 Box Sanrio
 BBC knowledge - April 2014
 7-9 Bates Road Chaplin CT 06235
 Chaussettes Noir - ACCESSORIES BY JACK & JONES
◇ ◇ ◇ ◇ ◇
All of the material must be given again, exactly as it appears above.

 Box Sanrio
 BBC knowledge - April 2014
 7-9 Bates Road Chaplin CT 06235
 Chaussettes Noir - ACCESSORIES BY JACK & JONES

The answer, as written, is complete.